Saturday, February 16, 2013

My response to that author with the annoyingly difficult to remember nickname



Why can't Takuan Seiyo find a better nom de plume; one more easily memorable?  I find myself, every time I want to refer to him, having to recheck the maddeningly counter-intuitive spelling.  Is the guy even Japanese at all?

Anyway, while he is demonstrably smart and erudite and has a facile grasp of broad historical and philosophical currents, there seems to be something about his inordinately voluble and verbose monographs that smacks of the glibly simplistic polyhistor -- a richly ironic over-simplification, given the massively dilatory complications he burdens his prose with.

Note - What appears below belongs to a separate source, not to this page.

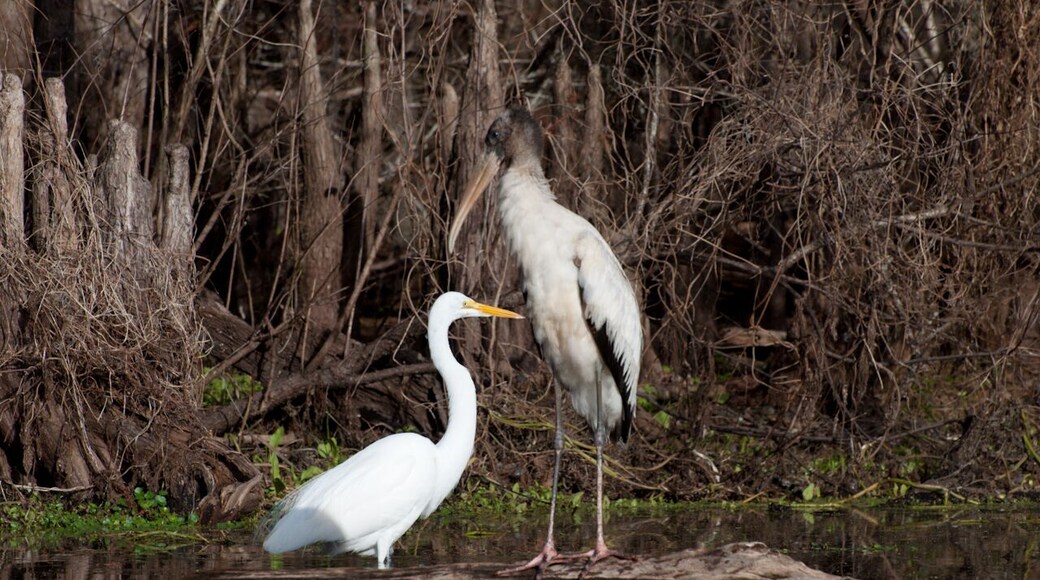 A wood stork next to a great egret. These 2 appeared to be buddies standing right next to each other. I think this was a prime fishing platform. If you ever have the chance to float this river in a kayak make sure that you do it. The bird and reptile life along this river is amazing.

I posted the following comment in the comments section at Gates of Vienna appended to his latest essay, Part 10 (!) of what he calls "The Bee and the Lamb":

Just as a broad observation, albeit one cutting to the heart of the matter, while the focus of this essay is certainly useful on one level and from a particular perspective, I find its fixation to be massively beside the point of the problem (the main problem we face today, the only problem I'm interested in: recovering our memory and rationality vis-à-vis our perennial enemy, Muslims) -- to wit, that we find today that the majority of non-Leftist, non-Marxist conservatives and centrists (along with that vast demographic swath broadly cultivated in the West but often overlooked, the Comfortably Apolitical & Functionally Agnostic) basically follow and more or less passively enable, if they do not even support, the politically correct multiculturalist paradigm -- not with regard necessarily to diversity in general or cultures in general, but only with regard to Islam and to Muslims.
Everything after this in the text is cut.